── Excerpted data ──

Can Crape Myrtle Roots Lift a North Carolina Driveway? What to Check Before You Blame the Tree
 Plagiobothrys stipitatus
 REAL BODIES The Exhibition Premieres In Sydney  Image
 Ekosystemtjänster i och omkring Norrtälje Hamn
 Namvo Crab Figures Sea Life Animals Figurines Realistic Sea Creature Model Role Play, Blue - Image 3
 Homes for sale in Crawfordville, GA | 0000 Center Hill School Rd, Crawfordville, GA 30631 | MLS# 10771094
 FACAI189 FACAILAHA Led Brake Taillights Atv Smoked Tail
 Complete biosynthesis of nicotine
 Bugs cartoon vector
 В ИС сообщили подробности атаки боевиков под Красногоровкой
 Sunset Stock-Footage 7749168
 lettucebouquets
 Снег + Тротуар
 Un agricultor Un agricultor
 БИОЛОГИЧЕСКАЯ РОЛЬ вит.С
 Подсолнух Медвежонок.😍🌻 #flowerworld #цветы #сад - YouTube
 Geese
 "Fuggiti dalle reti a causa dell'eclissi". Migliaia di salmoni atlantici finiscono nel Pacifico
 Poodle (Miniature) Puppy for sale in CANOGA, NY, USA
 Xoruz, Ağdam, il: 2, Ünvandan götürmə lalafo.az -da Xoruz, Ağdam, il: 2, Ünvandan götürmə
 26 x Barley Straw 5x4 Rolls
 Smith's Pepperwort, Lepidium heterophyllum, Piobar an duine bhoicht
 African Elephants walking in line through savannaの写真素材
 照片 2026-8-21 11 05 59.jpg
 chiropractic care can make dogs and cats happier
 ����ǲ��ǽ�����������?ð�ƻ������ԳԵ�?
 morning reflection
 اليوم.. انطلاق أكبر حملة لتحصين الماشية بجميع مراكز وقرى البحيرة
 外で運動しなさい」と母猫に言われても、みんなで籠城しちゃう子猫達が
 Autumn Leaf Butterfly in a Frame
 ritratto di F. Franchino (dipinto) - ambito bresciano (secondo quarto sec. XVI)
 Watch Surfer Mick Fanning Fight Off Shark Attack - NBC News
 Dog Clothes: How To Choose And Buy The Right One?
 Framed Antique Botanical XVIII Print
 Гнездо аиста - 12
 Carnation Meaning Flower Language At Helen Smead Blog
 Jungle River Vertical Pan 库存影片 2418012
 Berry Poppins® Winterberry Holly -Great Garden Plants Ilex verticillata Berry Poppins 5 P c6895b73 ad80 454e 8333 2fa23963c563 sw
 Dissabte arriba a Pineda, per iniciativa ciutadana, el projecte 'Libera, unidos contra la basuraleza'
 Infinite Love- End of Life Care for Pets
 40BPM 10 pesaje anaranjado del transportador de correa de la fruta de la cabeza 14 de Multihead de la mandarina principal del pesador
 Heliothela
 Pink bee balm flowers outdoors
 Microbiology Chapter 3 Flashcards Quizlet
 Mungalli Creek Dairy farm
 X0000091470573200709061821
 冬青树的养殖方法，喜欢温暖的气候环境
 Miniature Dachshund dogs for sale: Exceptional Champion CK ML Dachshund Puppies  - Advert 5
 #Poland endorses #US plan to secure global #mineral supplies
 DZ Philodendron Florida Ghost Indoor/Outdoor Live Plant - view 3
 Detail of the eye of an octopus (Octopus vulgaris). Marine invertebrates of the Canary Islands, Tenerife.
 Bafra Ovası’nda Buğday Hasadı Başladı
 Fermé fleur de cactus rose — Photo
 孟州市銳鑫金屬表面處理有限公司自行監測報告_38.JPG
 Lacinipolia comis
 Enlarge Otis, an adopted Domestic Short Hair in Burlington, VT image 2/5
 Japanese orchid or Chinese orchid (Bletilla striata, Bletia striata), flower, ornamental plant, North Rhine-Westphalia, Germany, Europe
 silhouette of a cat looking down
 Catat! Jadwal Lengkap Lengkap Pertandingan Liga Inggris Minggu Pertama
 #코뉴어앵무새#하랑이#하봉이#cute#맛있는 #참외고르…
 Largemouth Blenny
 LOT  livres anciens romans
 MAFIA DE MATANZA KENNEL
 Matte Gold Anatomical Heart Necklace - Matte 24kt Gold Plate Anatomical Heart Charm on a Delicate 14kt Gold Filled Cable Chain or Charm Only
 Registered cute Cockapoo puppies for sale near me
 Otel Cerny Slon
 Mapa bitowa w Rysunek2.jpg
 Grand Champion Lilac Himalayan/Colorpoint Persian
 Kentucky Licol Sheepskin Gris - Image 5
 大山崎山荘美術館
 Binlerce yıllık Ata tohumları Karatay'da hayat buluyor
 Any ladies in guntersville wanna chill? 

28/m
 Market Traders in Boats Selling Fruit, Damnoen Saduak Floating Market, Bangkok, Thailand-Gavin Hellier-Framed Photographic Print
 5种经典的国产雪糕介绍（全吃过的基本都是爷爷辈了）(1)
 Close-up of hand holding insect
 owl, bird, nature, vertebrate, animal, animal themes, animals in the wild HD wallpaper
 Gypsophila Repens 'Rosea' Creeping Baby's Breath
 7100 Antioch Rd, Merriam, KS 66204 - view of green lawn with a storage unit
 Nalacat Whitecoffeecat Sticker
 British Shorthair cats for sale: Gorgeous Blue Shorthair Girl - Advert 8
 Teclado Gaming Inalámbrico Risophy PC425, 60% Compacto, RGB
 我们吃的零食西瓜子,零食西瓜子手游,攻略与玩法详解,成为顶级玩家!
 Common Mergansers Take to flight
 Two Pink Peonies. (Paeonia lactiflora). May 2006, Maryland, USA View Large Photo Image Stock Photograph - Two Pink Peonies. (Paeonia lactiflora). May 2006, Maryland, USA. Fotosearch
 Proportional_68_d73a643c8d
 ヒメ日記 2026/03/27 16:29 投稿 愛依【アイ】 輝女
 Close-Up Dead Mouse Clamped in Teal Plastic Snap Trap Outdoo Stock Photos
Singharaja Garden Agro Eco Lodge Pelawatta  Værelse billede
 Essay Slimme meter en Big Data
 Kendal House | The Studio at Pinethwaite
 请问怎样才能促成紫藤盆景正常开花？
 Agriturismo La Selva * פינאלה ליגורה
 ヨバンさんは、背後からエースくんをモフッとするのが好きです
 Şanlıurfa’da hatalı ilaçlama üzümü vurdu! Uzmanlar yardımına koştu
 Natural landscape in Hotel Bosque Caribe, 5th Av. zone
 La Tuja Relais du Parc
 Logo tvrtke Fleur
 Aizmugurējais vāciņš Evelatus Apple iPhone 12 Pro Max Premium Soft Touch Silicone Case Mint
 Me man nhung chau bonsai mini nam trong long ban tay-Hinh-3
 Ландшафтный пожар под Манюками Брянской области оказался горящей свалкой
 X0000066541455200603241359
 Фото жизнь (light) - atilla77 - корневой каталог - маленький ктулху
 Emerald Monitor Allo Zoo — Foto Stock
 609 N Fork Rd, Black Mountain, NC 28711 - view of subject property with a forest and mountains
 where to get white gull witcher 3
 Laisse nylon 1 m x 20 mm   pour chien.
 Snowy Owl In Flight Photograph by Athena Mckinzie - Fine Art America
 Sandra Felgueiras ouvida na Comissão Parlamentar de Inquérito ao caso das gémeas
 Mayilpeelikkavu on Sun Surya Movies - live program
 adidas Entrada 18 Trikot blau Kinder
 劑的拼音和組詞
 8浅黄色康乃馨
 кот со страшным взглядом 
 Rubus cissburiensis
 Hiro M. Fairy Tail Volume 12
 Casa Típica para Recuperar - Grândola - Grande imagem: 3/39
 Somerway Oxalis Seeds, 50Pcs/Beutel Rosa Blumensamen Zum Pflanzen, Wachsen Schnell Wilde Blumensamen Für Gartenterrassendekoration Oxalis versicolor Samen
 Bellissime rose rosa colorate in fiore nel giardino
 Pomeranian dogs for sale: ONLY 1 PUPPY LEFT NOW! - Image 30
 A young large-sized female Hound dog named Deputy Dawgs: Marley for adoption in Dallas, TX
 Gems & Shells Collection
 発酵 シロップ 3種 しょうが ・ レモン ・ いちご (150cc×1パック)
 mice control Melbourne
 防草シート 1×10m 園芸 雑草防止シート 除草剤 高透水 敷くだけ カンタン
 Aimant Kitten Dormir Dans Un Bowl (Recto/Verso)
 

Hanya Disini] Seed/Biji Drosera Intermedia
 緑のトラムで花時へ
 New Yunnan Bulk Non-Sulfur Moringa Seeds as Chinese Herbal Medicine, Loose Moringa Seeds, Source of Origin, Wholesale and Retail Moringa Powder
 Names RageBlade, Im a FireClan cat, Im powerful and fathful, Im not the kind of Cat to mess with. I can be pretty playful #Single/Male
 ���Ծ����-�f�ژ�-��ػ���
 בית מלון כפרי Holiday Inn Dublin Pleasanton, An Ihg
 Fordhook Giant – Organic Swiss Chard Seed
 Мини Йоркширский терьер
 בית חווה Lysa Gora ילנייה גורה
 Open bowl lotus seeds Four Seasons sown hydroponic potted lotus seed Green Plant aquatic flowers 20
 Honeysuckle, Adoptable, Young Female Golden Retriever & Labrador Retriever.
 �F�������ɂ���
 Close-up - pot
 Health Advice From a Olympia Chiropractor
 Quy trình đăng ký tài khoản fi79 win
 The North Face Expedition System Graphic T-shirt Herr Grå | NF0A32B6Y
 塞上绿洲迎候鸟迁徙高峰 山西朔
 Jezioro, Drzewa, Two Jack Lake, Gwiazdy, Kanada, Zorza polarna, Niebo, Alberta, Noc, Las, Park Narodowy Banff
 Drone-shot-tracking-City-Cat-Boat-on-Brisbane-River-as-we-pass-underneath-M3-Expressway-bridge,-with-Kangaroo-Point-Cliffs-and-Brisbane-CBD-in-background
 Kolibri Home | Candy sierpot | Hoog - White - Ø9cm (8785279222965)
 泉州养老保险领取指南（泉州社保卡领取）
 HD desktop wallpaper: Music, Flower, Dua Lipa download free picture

───

== Work order ==
Look through the entries above and find each line where the word "dogs" occurs; copy those lines.

== Response to this task ==
 chiropractic care can make dogs and cats happier
 Miniature Dachshund dogs for sale: Exceptional Champion CK ML Dachshund Puppies  - Advert 5
 Pomeranian dogs for sale: ONLY 1 PUPPY LEFT NOW! - Image 30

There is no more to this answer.